[Opening DATA TO PROCESS section]

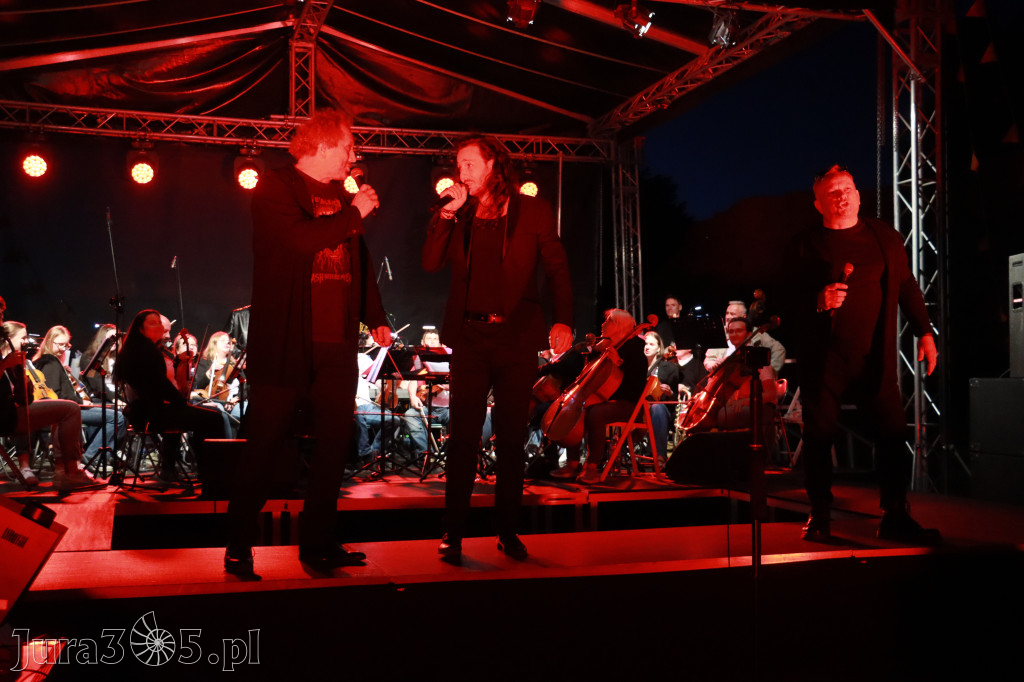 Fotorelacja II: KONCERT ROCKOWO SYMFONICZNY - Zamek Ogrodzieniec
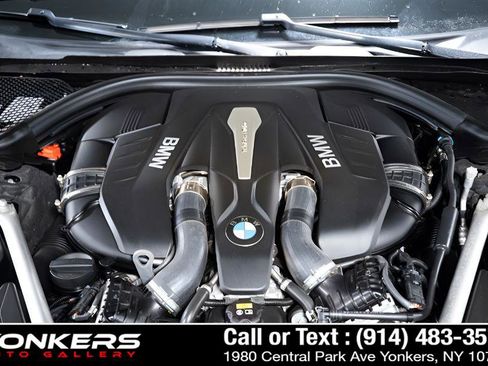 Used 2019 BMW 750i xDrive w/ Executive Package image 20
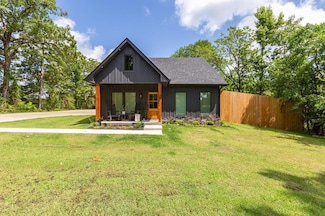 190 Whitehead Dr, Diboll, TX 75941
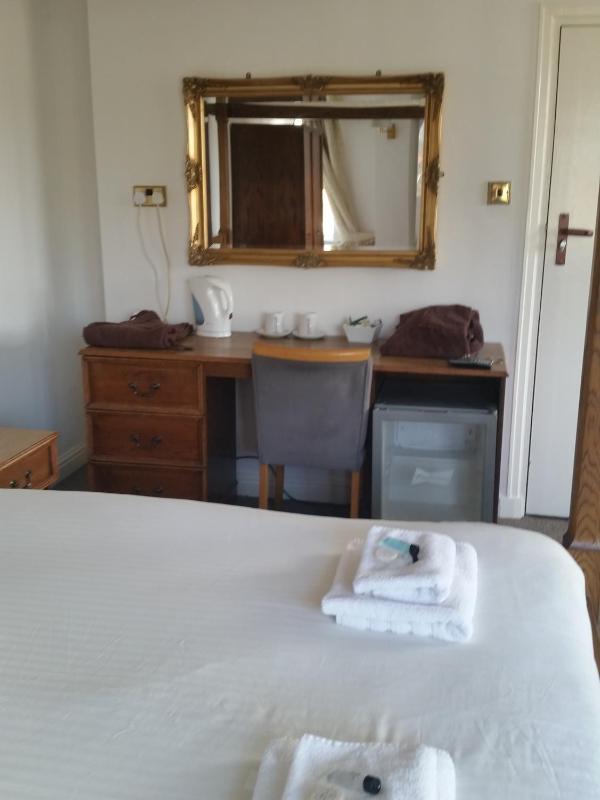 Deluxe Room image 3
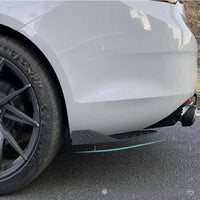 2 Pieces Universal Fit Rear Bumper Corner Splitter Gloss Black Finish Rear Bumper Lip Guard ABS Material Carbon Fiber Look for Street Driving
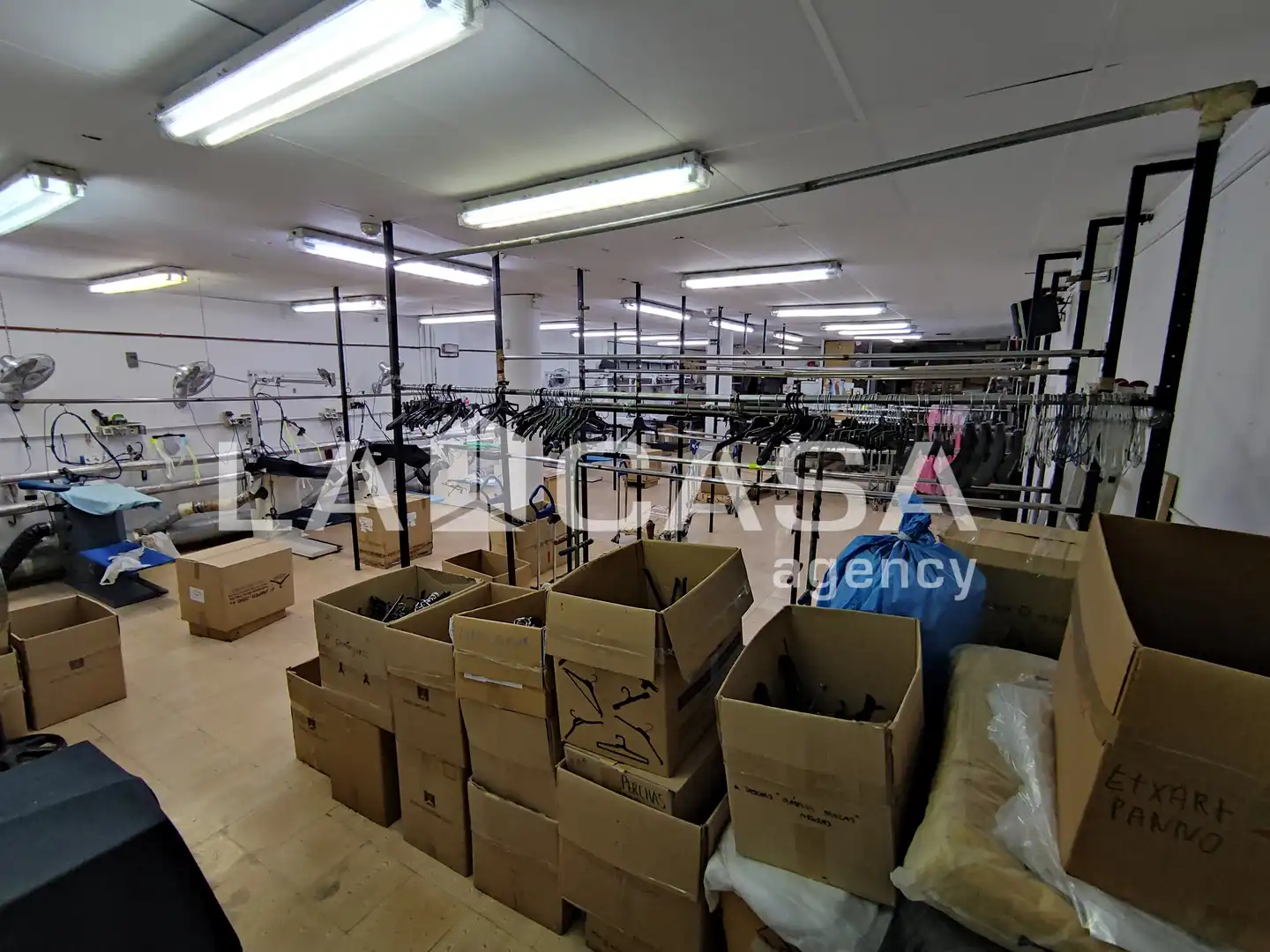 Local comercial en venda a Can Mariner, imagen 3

[Closing DATA TO PROCESS section]

WHAT IS REQUIRED:
Would you print all the entries again exactly, minus any pictures?

RESULT BELOW:
 Fotorelacja II: KONCERT ROCKOWO SYMFONICZNY - Zamek Ogrodzieniec
 Used 2019 BMW 750i xDrive w/ Executive Package image 20
 190 Whitehead Dr, Diboll, TX 75941
 Deluxe Room image 3
 2 Pieces Universal Fit Rear Bumper Corner Splitter Gloss Black Finish Rear Bumper Lip Guard ABS Material Carbon Fiber Look for Street Driving
 Local comercial en venda a Can Mariner, imagen 3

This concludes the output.